When your correspondence is about a blog post or an issue you’d like to see discussed, please indicate whether you mind being quoted, and if not under what name (true, pseudonym, anonymous) you’d prefer to be quoted.

However, abusive e-mails I suspect to be responses to posts in the “newsrack” blog or to the blog in general will be published at my discretion, with your name attached. I’ll also take other steps as warranted.

What are your blog policies? Or do you just do whatever you want?

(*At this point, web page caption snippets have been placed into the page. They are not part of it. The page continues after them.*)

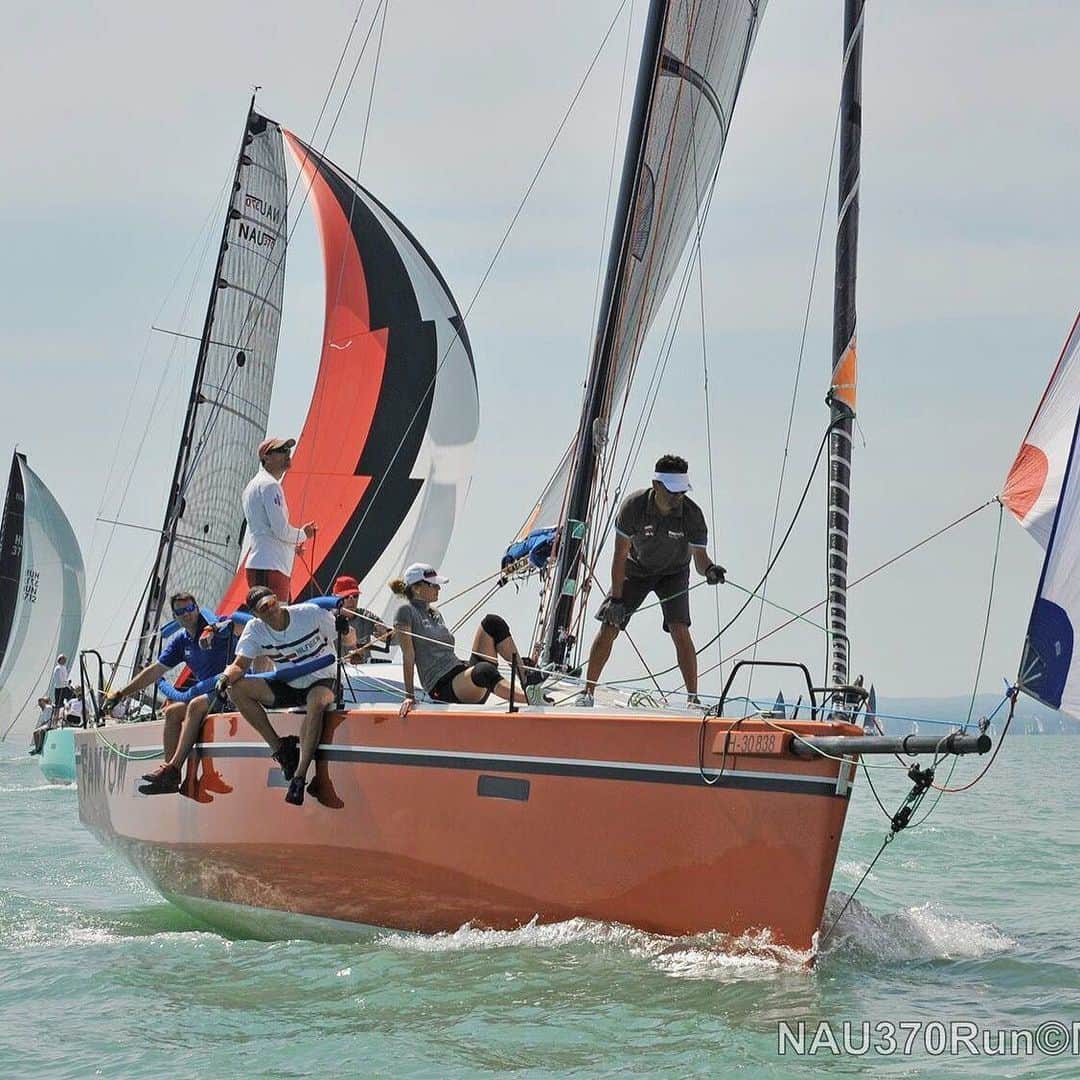 ホフマン・ノーラのインスタグラム：「Egis kupa day 1. @fantomsailingteam @nau370run #fantomsailingteam #weekendvibe #balatonamitengerünk #egiskupa」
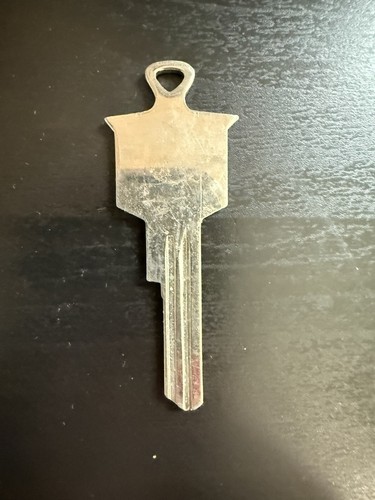 PLYMOUTH Mayflower CREST KEY blank 1956-1967 Vintage Satellite Belvedere Fury - Picture 2 of 2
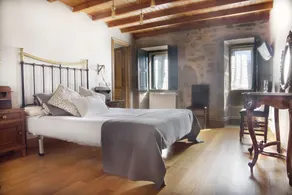 Large villa with pool near Santiago - Image 4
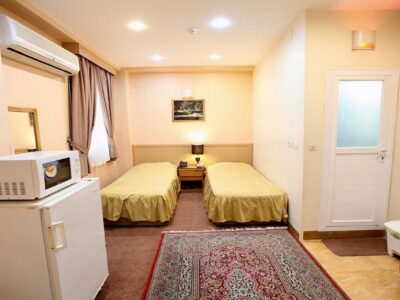 سوئیت چهار نفره هتل ساسان شیراز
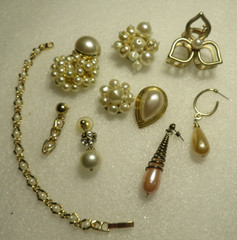 Vintage Clip On Goldtone Faux Pearl Earrings Lot Of 10 Singles As Pictured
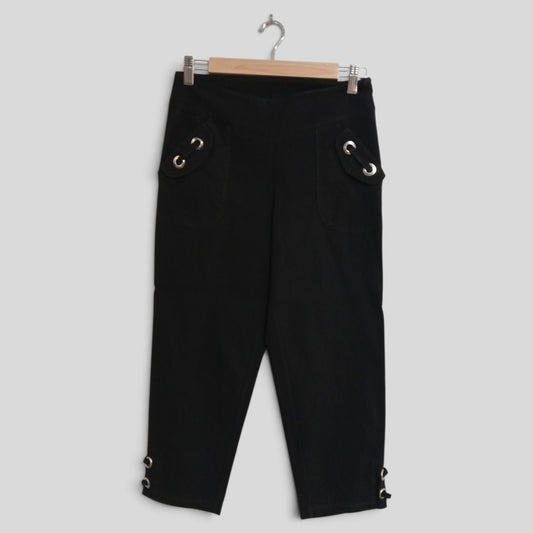 (10) CC Collection | Black Capris
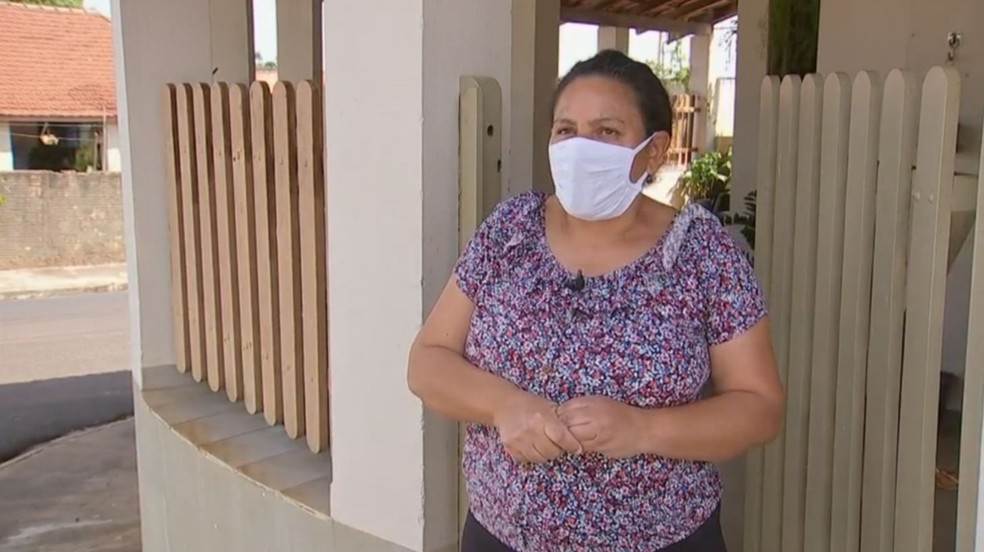 Simone Aparecida foi surpreendida por onça em Cerqueira César (SP) — Foto: Reprodução/TV TEM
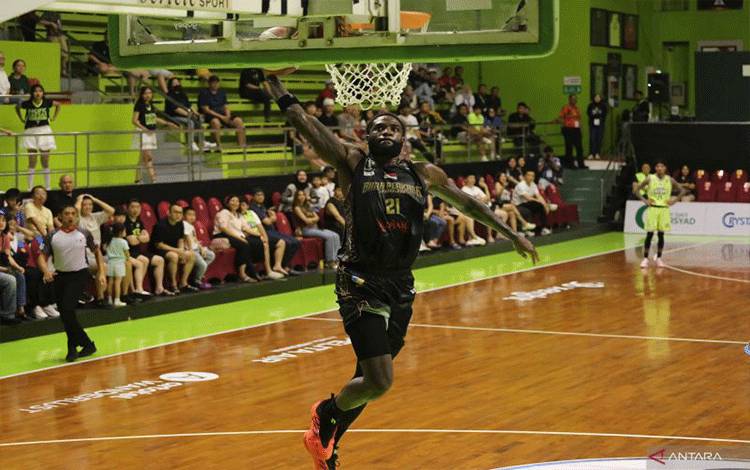 Bima Perkasa Raih Kemenangan Tipis 85-83 atas Pacific Caesar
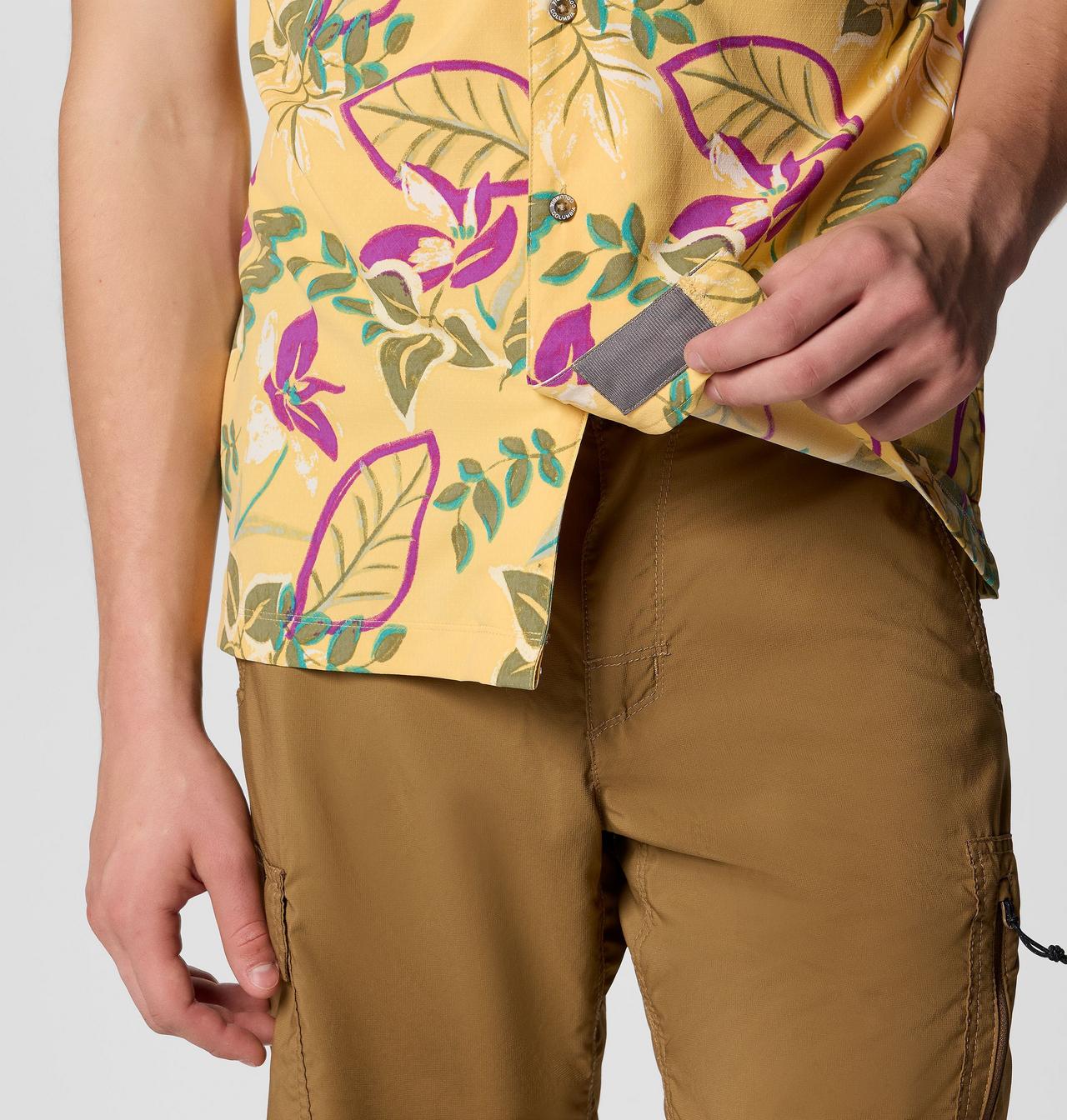 Men's Tech Trail™ Utility Printed Woven Short Sleeve Shirt | 715 | S 8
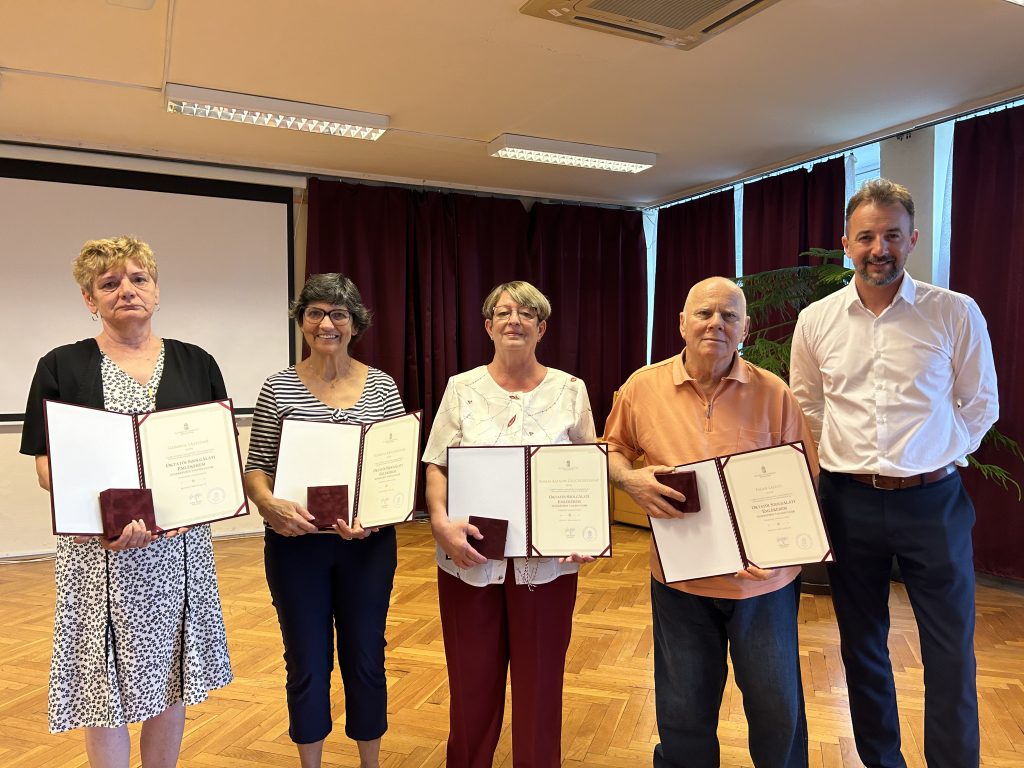 Miniszter elismerést kapott a Dunaferr iskola négy pedagógusa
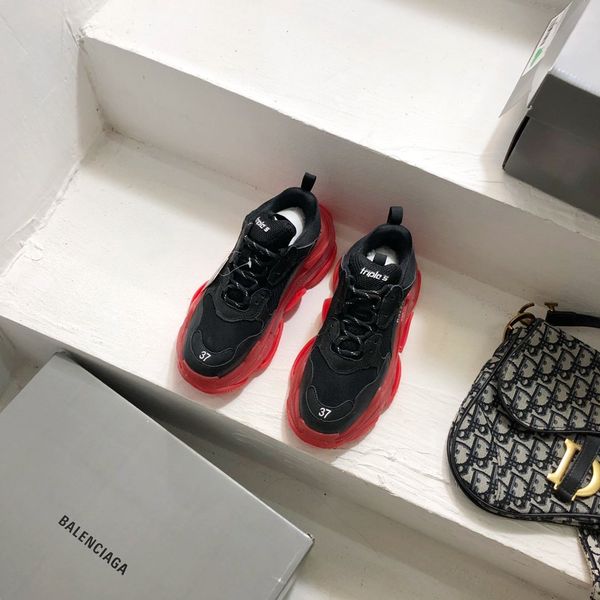 

2020iv designer to create casual and comfortable all-match sports shoes, travel shoes outsole non-slip design with original box delivery, Black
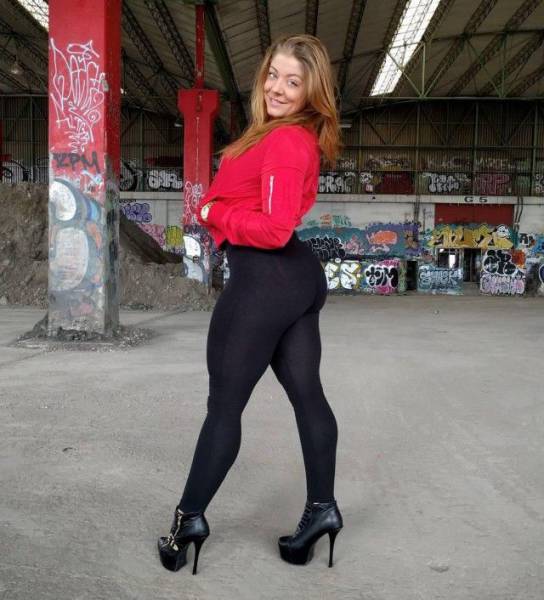 Mia Sand And Her Instagram Photos (16 pics)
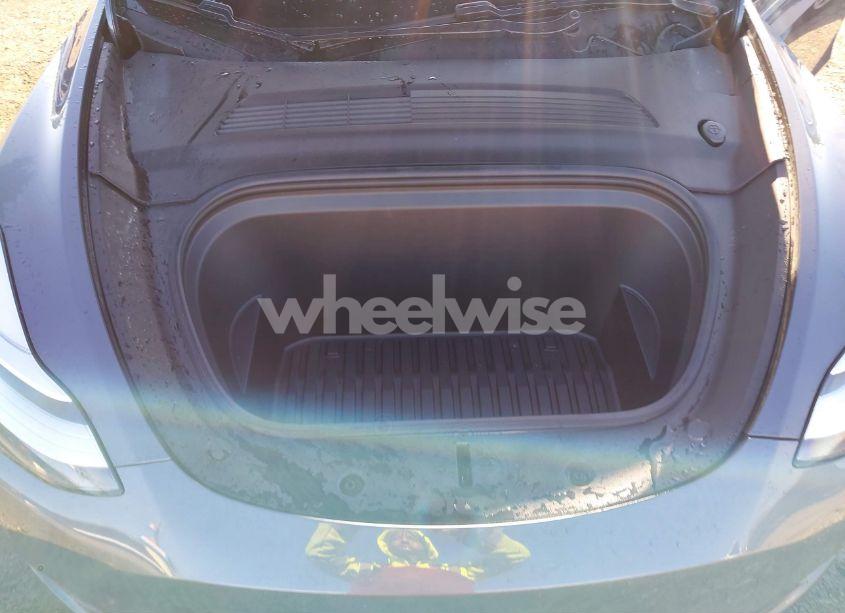 Photo 10 of 2020 Tesla Model Y LONG RANGE DUAL MOTOR ALL-WHEEL DRIVE/PERFORMANCE DUAL MOTOR ALL-WHEEL DRIVE (VIN 5YJYGDEF7LF000795)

I sometimes go back and tinker with my posts after I publish them to the web. I usually add “EDIT:” or “UPDATE:” comments within the post when I do so, so people returning to the post (especially via a link to the post established before the edit) have an explanation for the change.

If I link to a site, that does not imply I approve of the site or any specific opinions expressed there.

Yes, I do pretty much whatever I want.